An example of this can be found in Deuteronomy 4:23 when God warned His people not to ‘forget’ the covenant they’d made with the Lord by making idols for themselves which would result in God’s judgment.

God wasn’t saying that they might literally forget that they’d made a covenant with God and have it completely erased from their memory banks; no, God was warning them not to intentionally ignore their covenant with Him.

God also threatened His people that if they don’t stop their sin, He might even forget them and cast them away from Him. (Jer 23:39) But how is that possible, God knows everything and if He created an entire people who are living on His earth, how can He not know who they are?

The emphasis in this passage just like the previous one is on an action, not a mental activity. God was warning His people that His action would be to turn from them, not wipe them from His memory. We need to re-understand or re-define the words ‘remember’ and ‘forget’ with a Hebrew understanding rather than an English understanding – they’re action words and they make understanding God’s intention much easier.

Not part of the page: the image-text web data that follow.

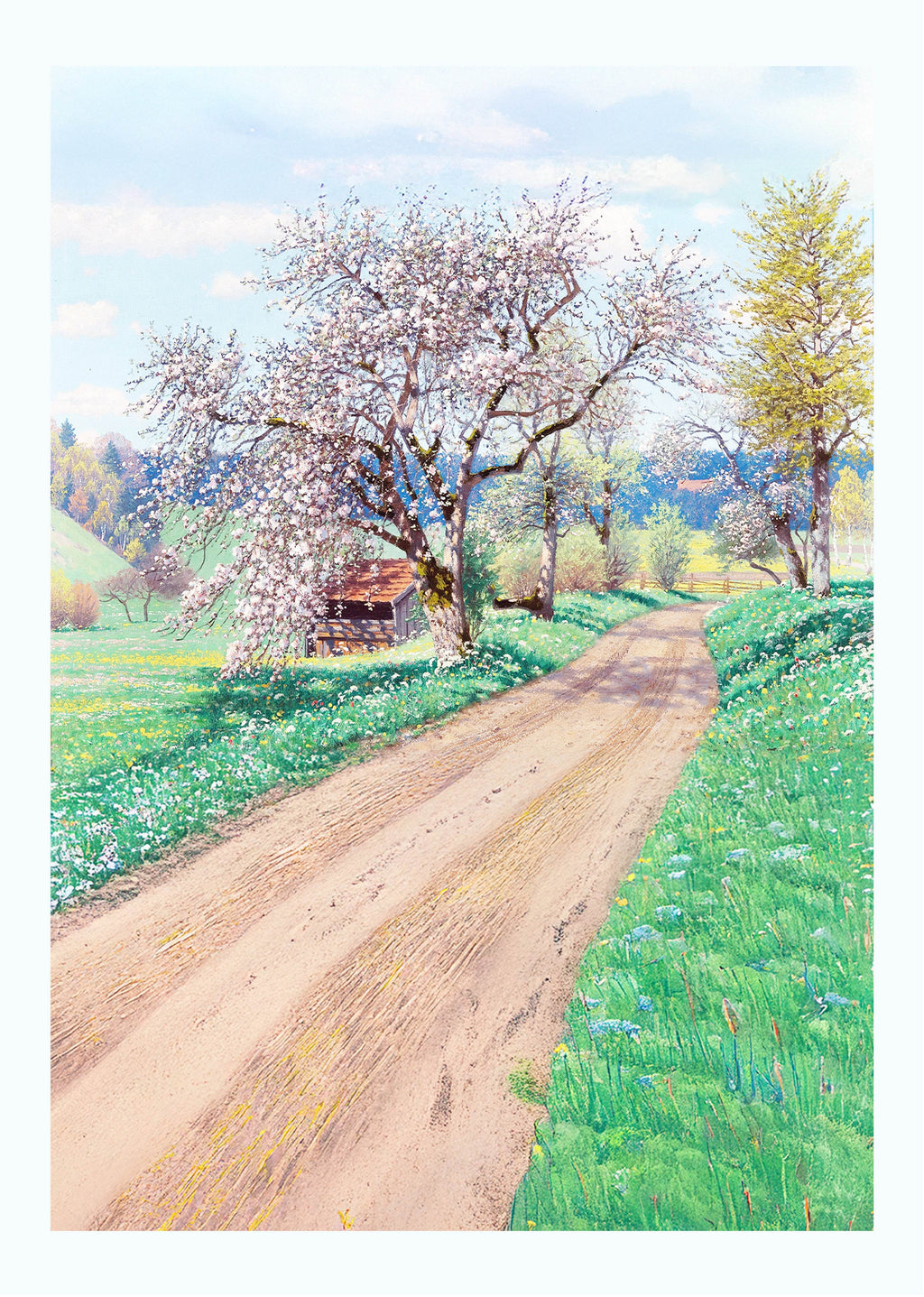 A Spring Day - Hakyarts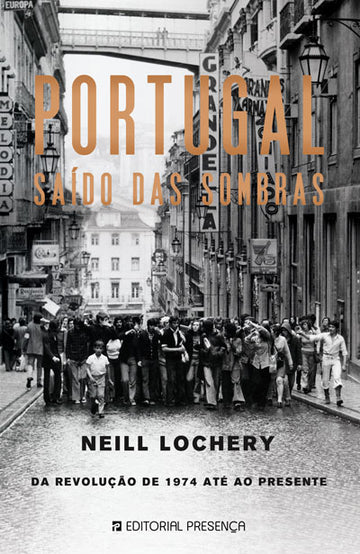 [EBOOK] Portugal - Saído das Sombras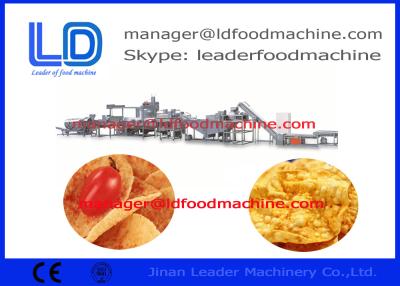 China Stainless Steel Potato Chips Making Machine / Food Processing Line for sale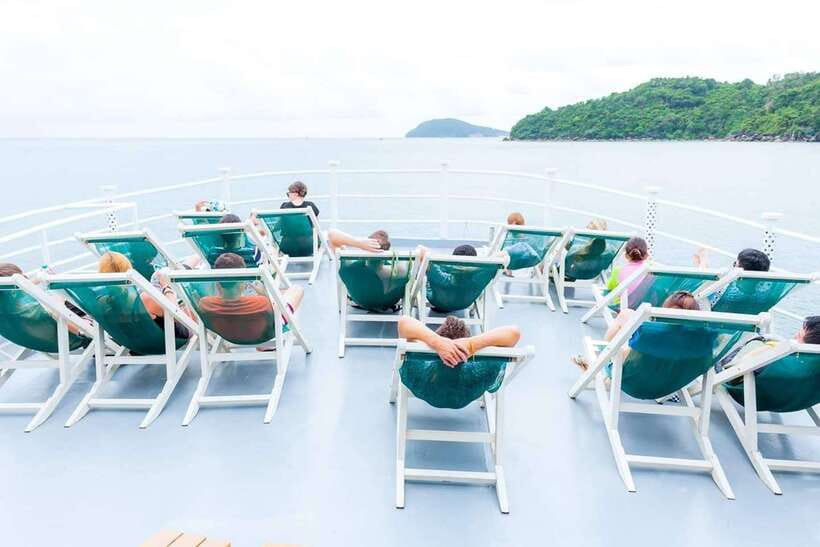 Phu Quoc: Cable Car Ride and 3 Islands Boat Tour with Lunch - Snorkeling at Xuong or Gam Ghi Island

David said in Psalm 13:1, ‘How long, O Lord will You forget me forever? How long will You hide Your face from me?’ When you understand that David didn’t believe that God had wiped him from His memory, rather David was asking God how long it would be before He took action on his behalf.

Our original question is now much easier to understand…how can God forget our sins when He knows everything? God doesn’t forget anything!

God was telling His people that when He restores them to Himself, He will forgive them and not take action against them for all the wickedness that they’ve done. He’s not saying He’ll wipe all remembrance of them or their sins from His memory so that He has no idea of what they did, rather He promised to not give them what they actually deserved for all that they’ve done.

If this is God’s promise then there are serious implications? For example, if God simply ignores a person’s sins (or an entire nations) then He’s guilty of 2 things: 1) He’s unjust in turning a blind eye to sin and 2) He’s guilty of favouritism in letting some people off scott free while judging others for the same thing. How can that be? Well, it’s not like that at all; God is never unjust and God gives grace and opportunity to all men no matter who they are, where they live or what their lineage.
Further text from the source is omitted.